- _MATERIAL TO PROCESS_
Segment Open

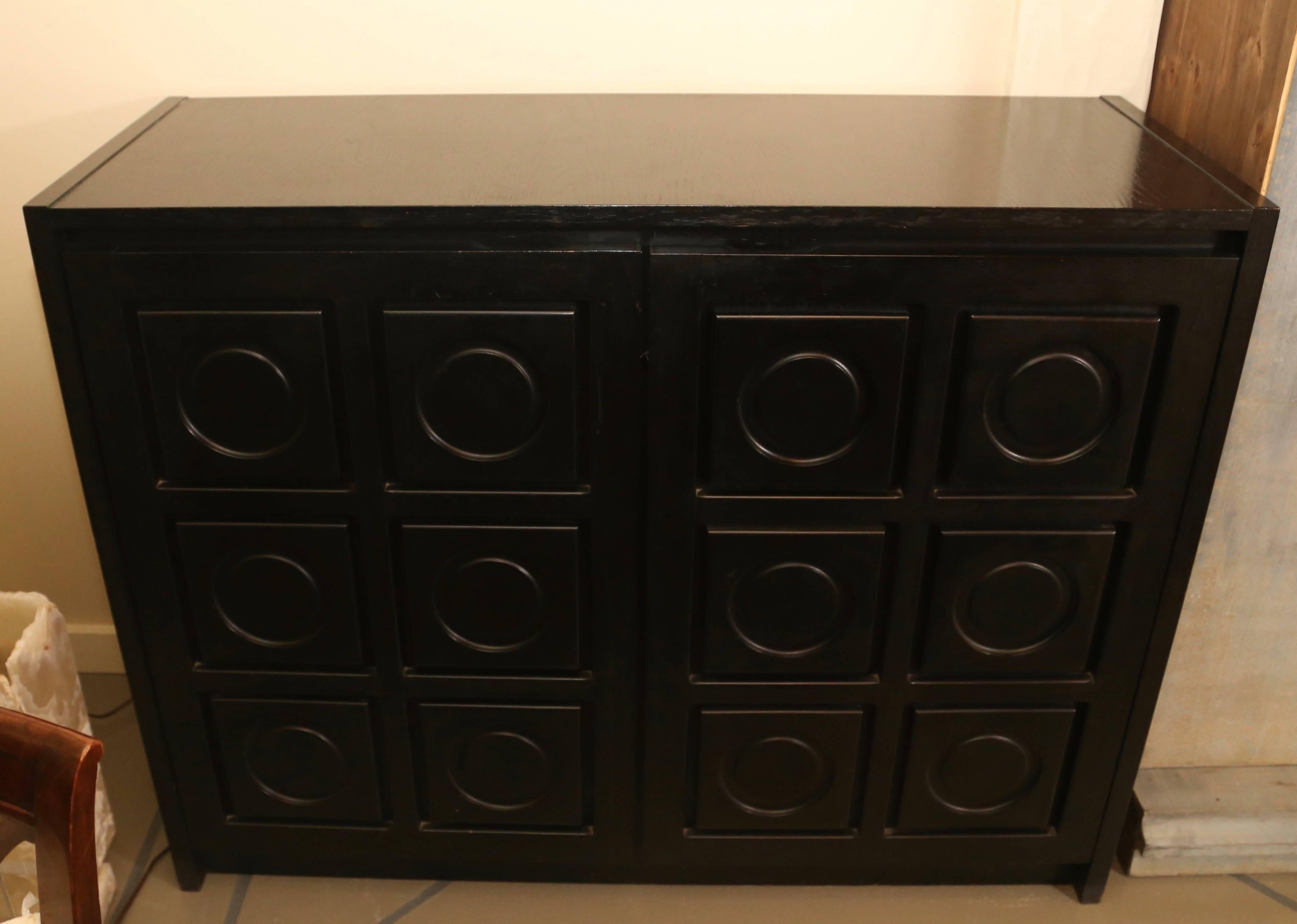 Two-door midcentury cabinet in ebonized oak, with circular motifs carved into the door panels.

Stained oak interior with shelves and drawers. Recessed finger pulls on tops of doors.
  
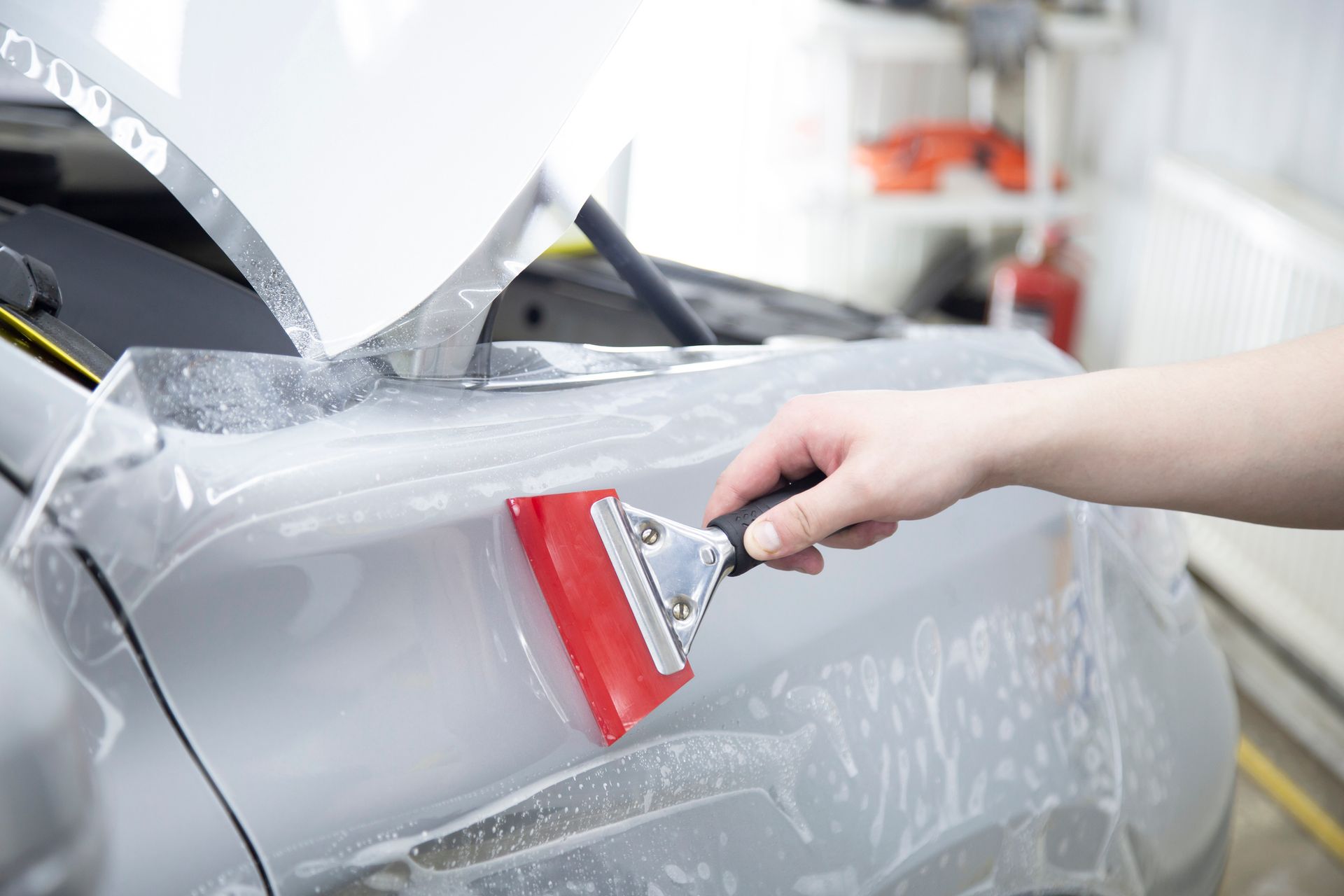 Person applying film to a car door with a red squeegee in a garage.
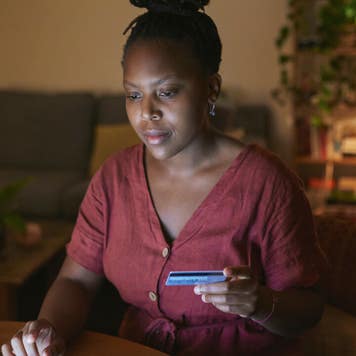 Woman paying credit card bill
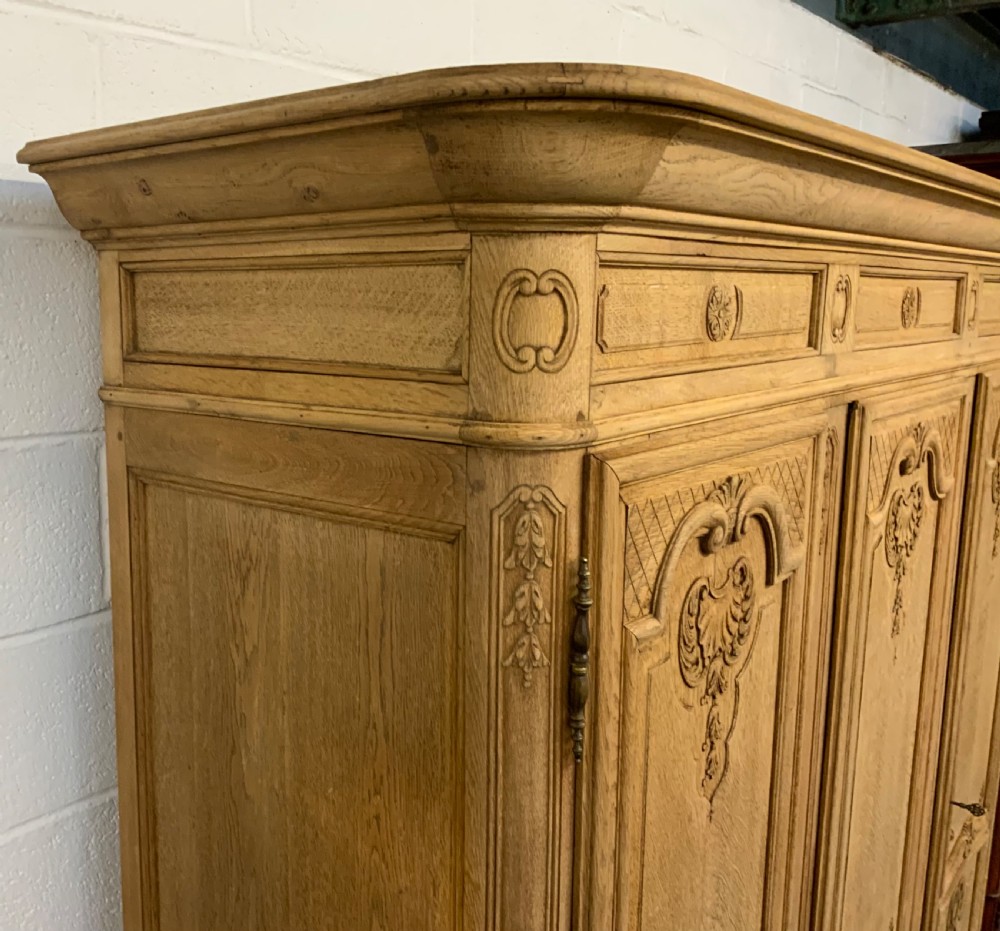 CARVED FRENCH OAK BLEACHED TRIPLE ARMOIRE  View VI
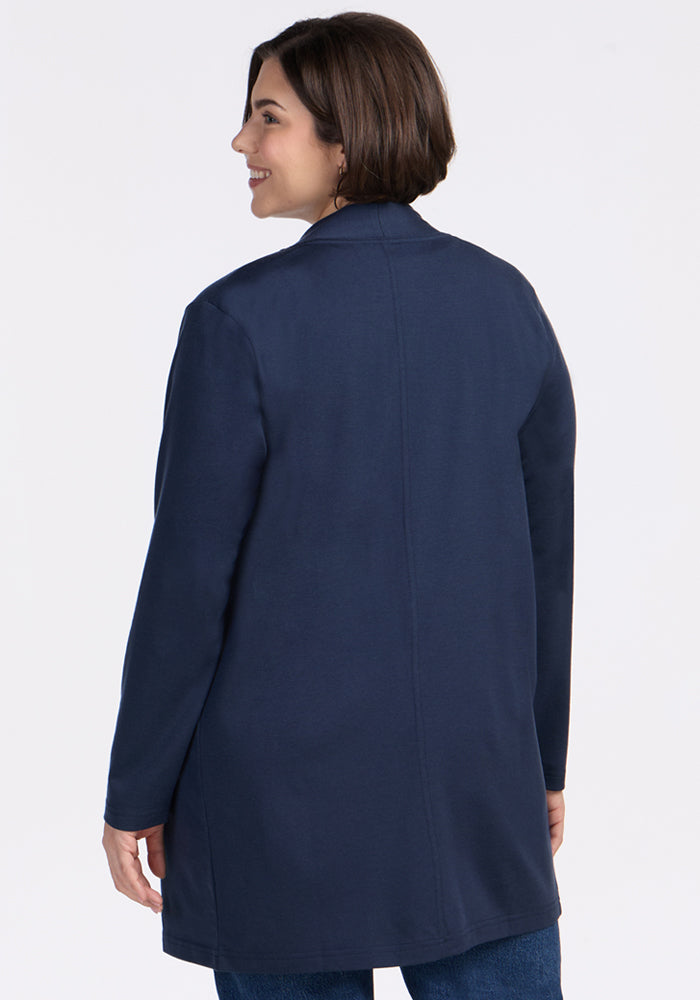 A woman with short brown hair smiles over her shoulder while wearing the Woolx Paisley Cardigan in Deep Navy and blue jeans, facing away against a plain white background.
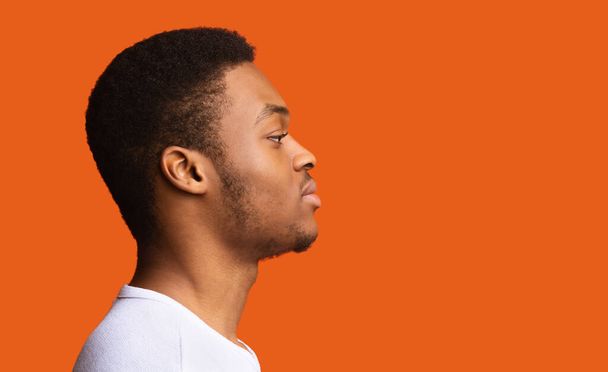 Profile Portrait Of Serious African American Man Looking Aside At Copy Space Posing Over Orange Studio Background. Offer Advertisement Concept. Side View Shot - Foto, Imagem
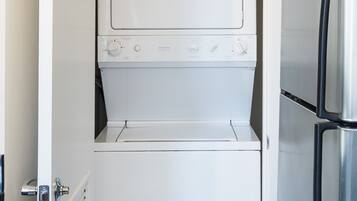 A compact laundry room with a white washer and dryer, a stainless steel refrigerator, and a wooden floor.
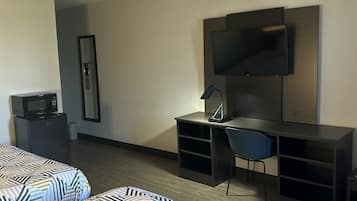A hotel room with two beds, a desk, a chair, a TV, and a microwave.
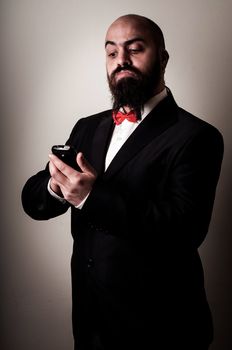  funny elegant bearded man on the phone on vignetting background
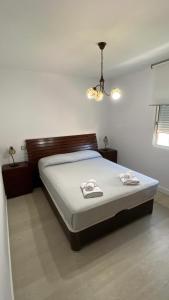 Ένα ή περισσότερα κρεβάτια σε δωμάτιο στο Golden Apartment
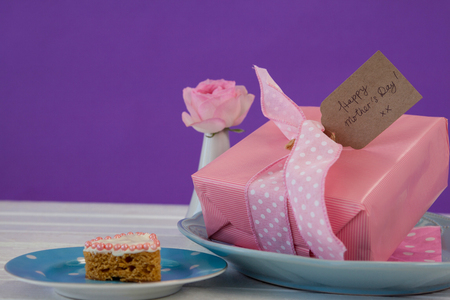 Close-up of gift box, flower vase and cookie on wooden surfaceの写真素材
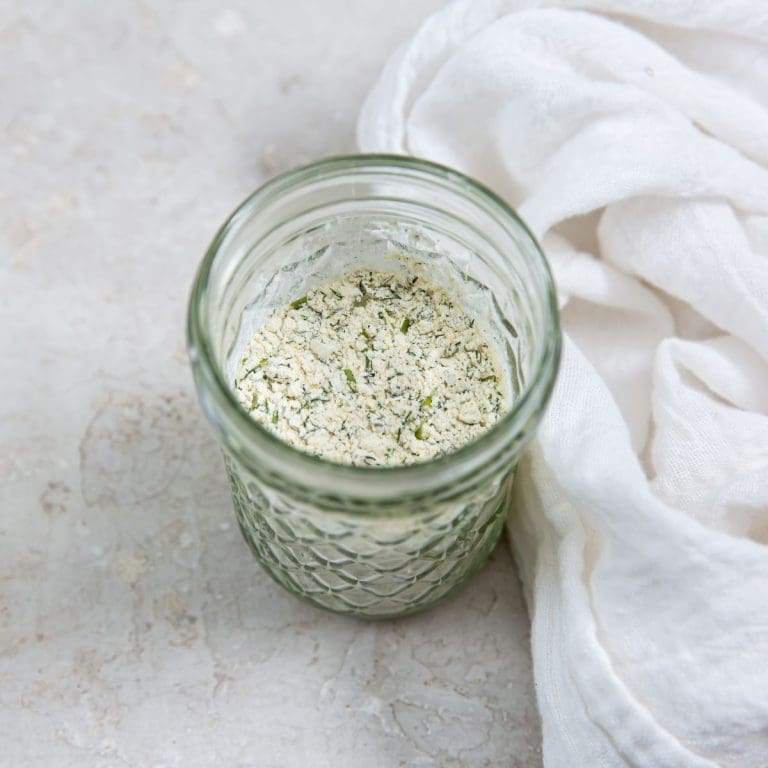 mason jar with ranch seasoning white towel next to it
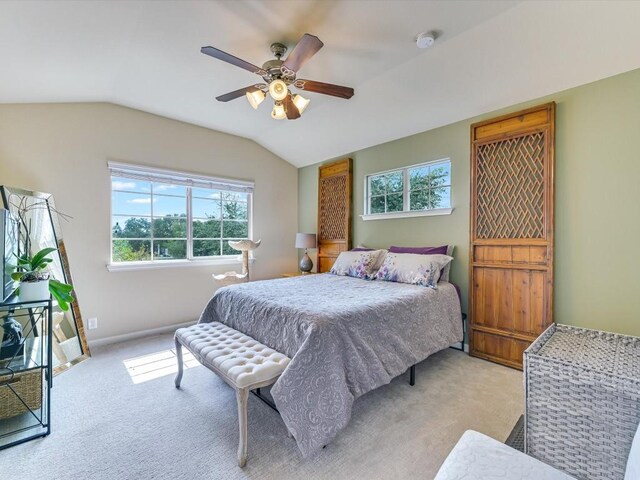 bedroom featuring light carpet, multiple windows, and vaulted ceiling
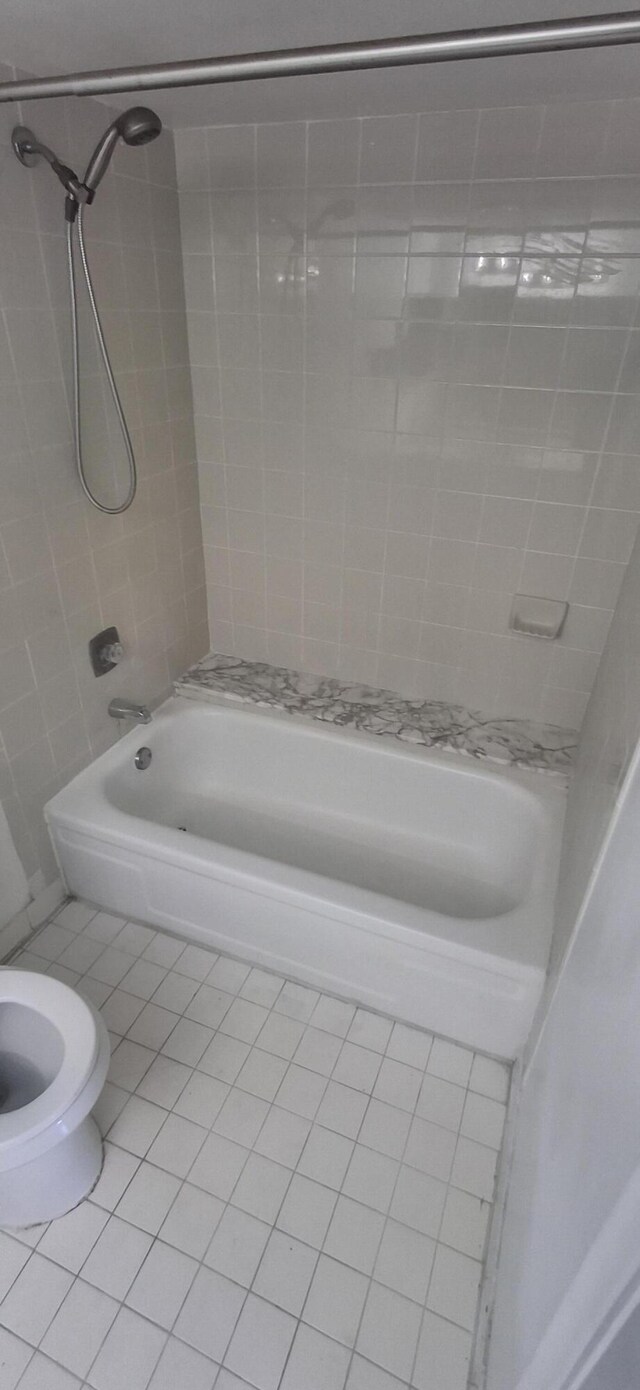 full bathroom featuring vanity, toilet, tiled shower / bath, and tile patterned floors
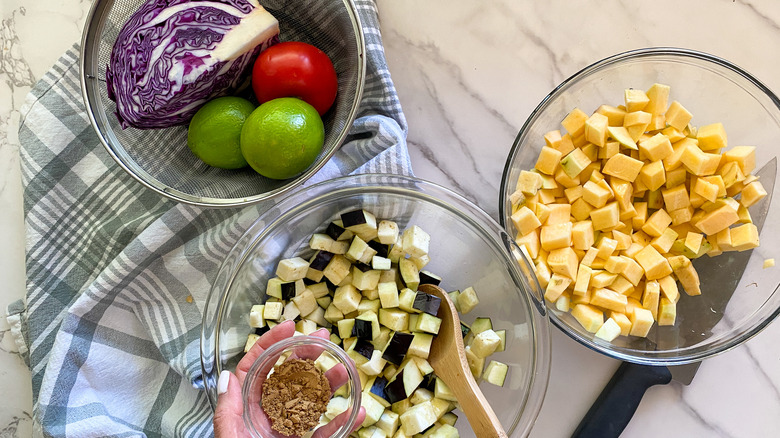 seasoning the cubed rutabaga and eggplant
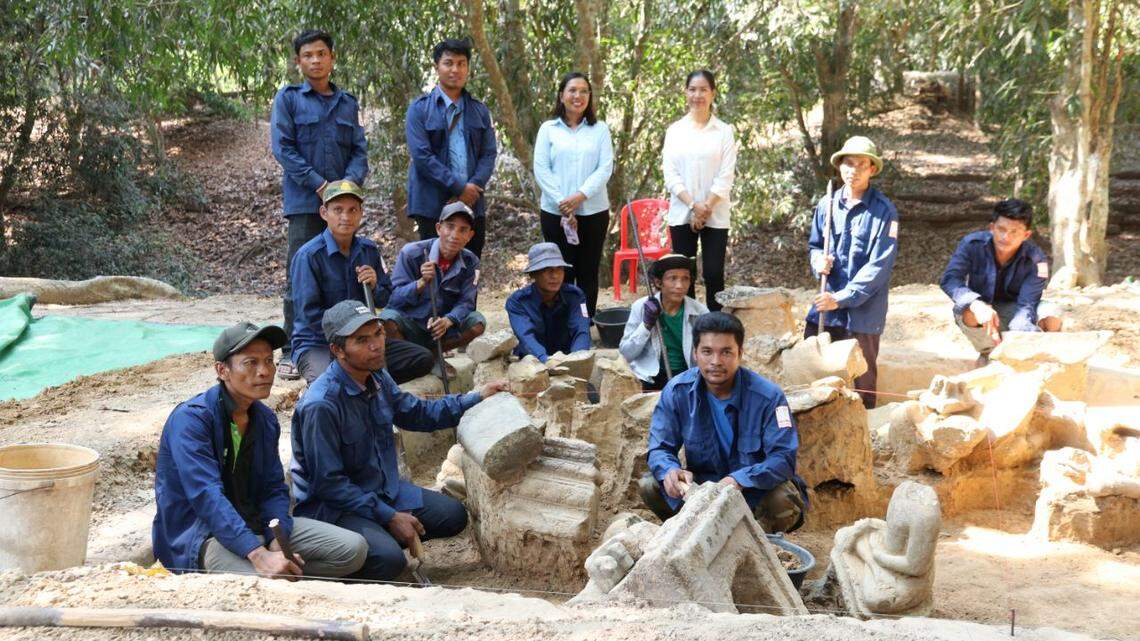 Archaeologists unearthed dozens of ancient stone artifacts while cleaning up dirt at an 800-year-old temple in Cambodia, photos show.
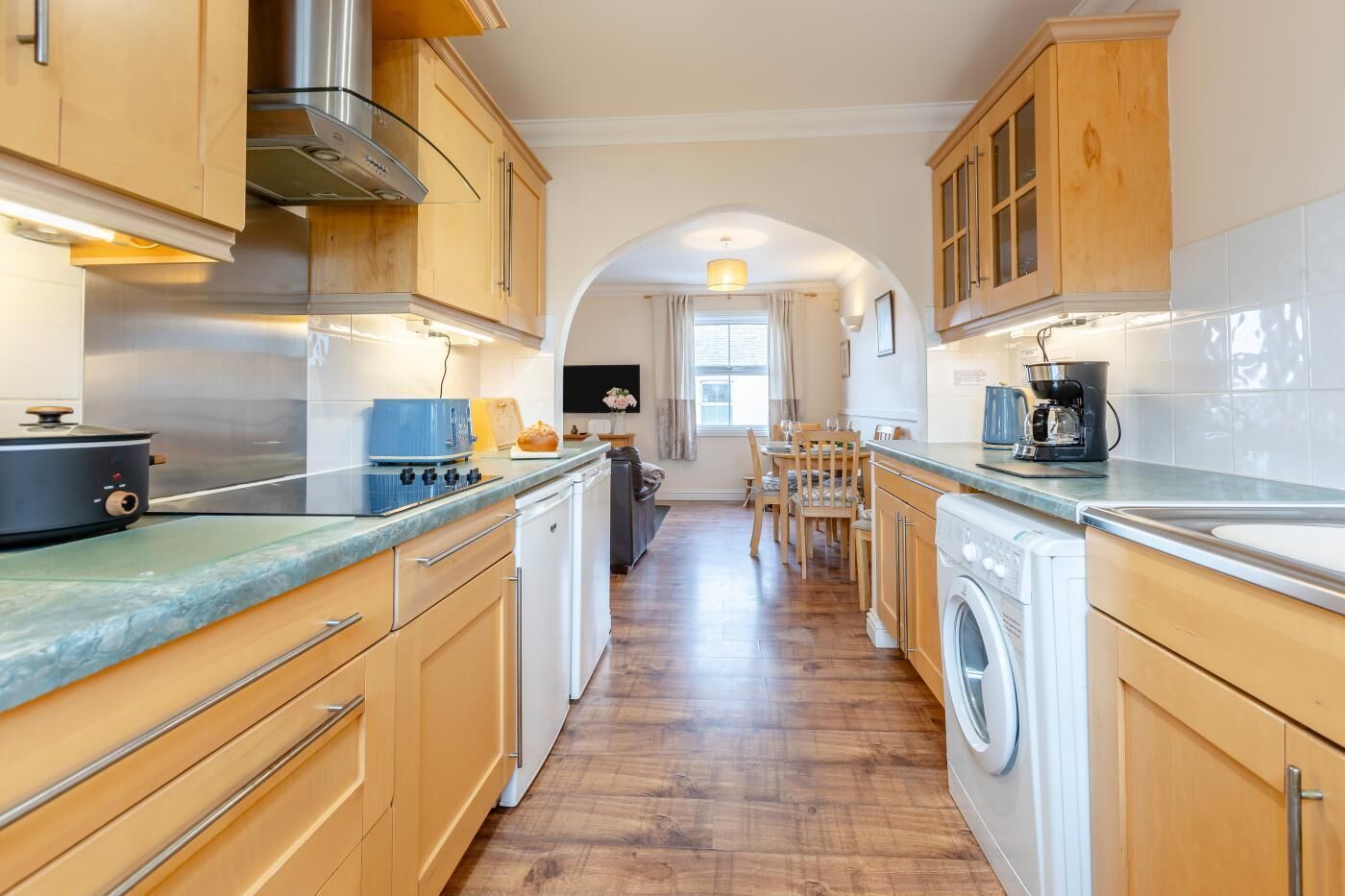 A kitchen with wooden cabinets, a stove, a washing machine, and a dining area with chairs and a table.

Segment Closed

- _YOUR OBJECTIVE_
Copy exactly the lines from the line that holds "bedroom featuring light" to the end of the listing, both included. Leave the pictures out.

- _RESPONSE TO THE EXERCISE_
 bedroom featuring light carpet, multiple windows, and vaulted ceiling
 full bathroom featuring vanity, toilet, tiled shower / bath, and tile patterned floors
 seasoning the cubed rutabaga and eggplant
 Archaeologists unearthed dozens of ancient stone artifacts while cleaning up dirt at an 800-year-old temple in Cambodia, photos show.
 A kitchen with wooden cabinets, a stove, a washing machine, and a dining area with chairs and a table.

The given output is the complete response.